__EXERCISE__.
From the line containing "أركتيك هانتر Sling" to the last line of the records below, transcribe everything exactly, pictures excluded.

-- Opening Marker --

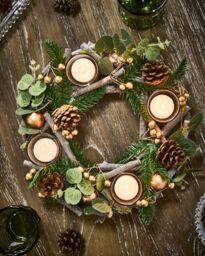 Dibor Eucalyptus & Cinnamon Round Centrepiece Christmas Decoration Tealight Holder Candle Holders 30cm in Green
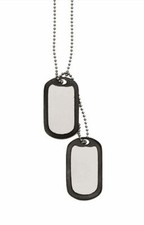 PENDENTIF CHAINE DOG TAG ACIER US ARMY MARINES GI COLLIER PLAQUE IDENTITE ARMEE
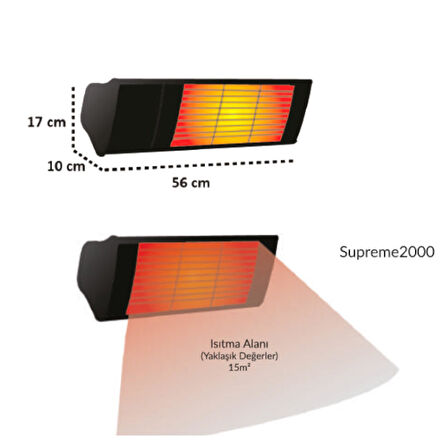 HotTable Supreme 2000 Plus Elektrikli Dış Mekan Isıtıcı | Rehome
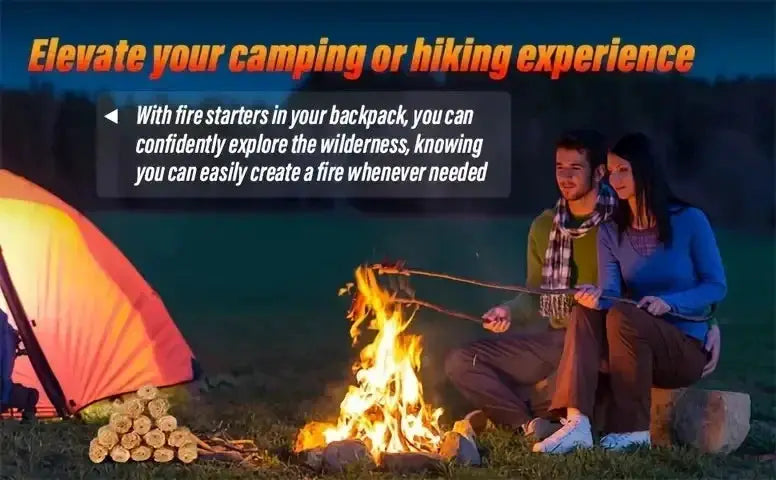 Natural wax wood fire starter sticks for BBQ, fireplace, and camping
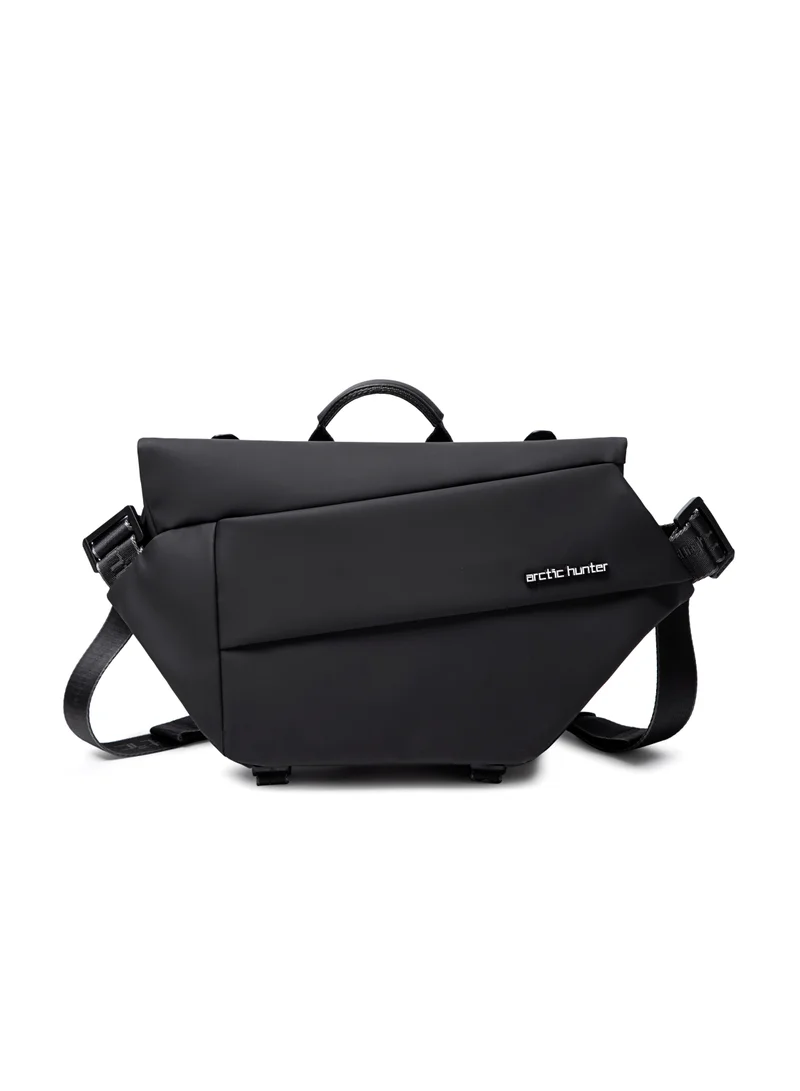 أركتيك هانتر Sling Crossbody Bag Shoulder Bag for Men Women Lightweight One Strap Backpack Messenger Bag Backpack for Hiking Walking Biking Travel Cycling YB00046 Black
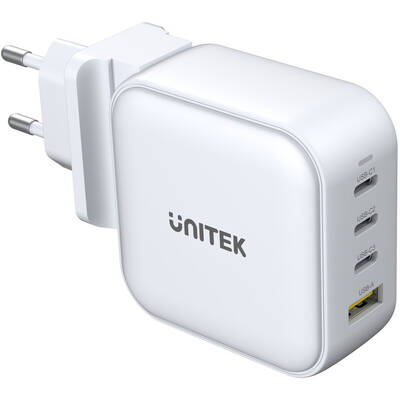 Unitek Incarcator GAN 4 PORTS, PD 100W, QC3.0, USB-C, WHITE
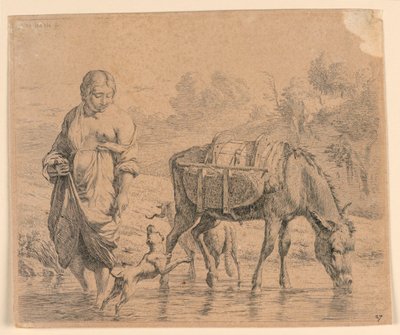 Landskvinnan och sumptern som korsar en bäck av Karel Du Jardin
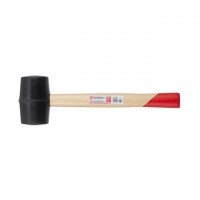 Киянка резиновая 350г. 50 мм, черная резина, деревянная ручка Intertool HT-0236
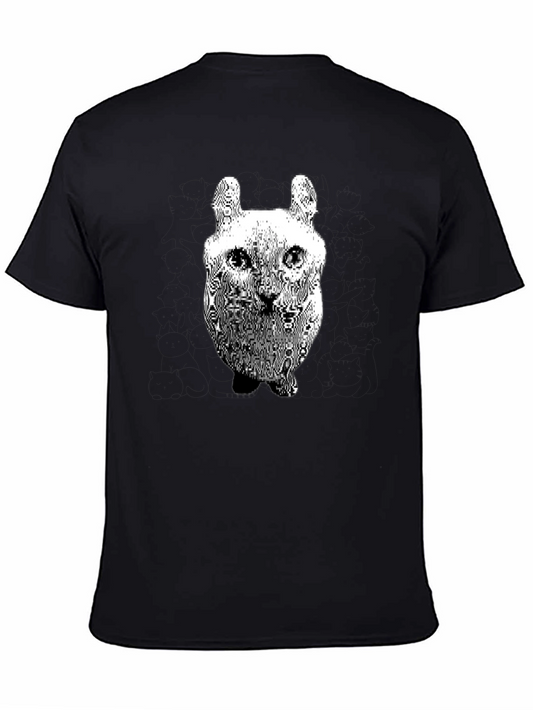 Cool Distorted Cat Graphic Black T-Shirt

-- Closing Marker --

__EXERCISE SOLUTION__.
 أركتيك هانتر Sling Crossbody Bag Shoulder Bag for Men Women Lightweight One Strap Backpack Messenger Bag Backpack for Hiking Walking Biking Travel Cycling YB00046 Black
 Unitek Incarcator GAN 4 PORTS, PD 100W, QC3.0, USB-C, WHITE
 Landskvinnan och sumptern som korsar en bäck av Karel Du Jardin
 Киянка резиновая 350г. 50 мм, черная резина, деревянная ручка Intertool HT-0236
 Cool Distorted Cat Graphic Black T-Shirt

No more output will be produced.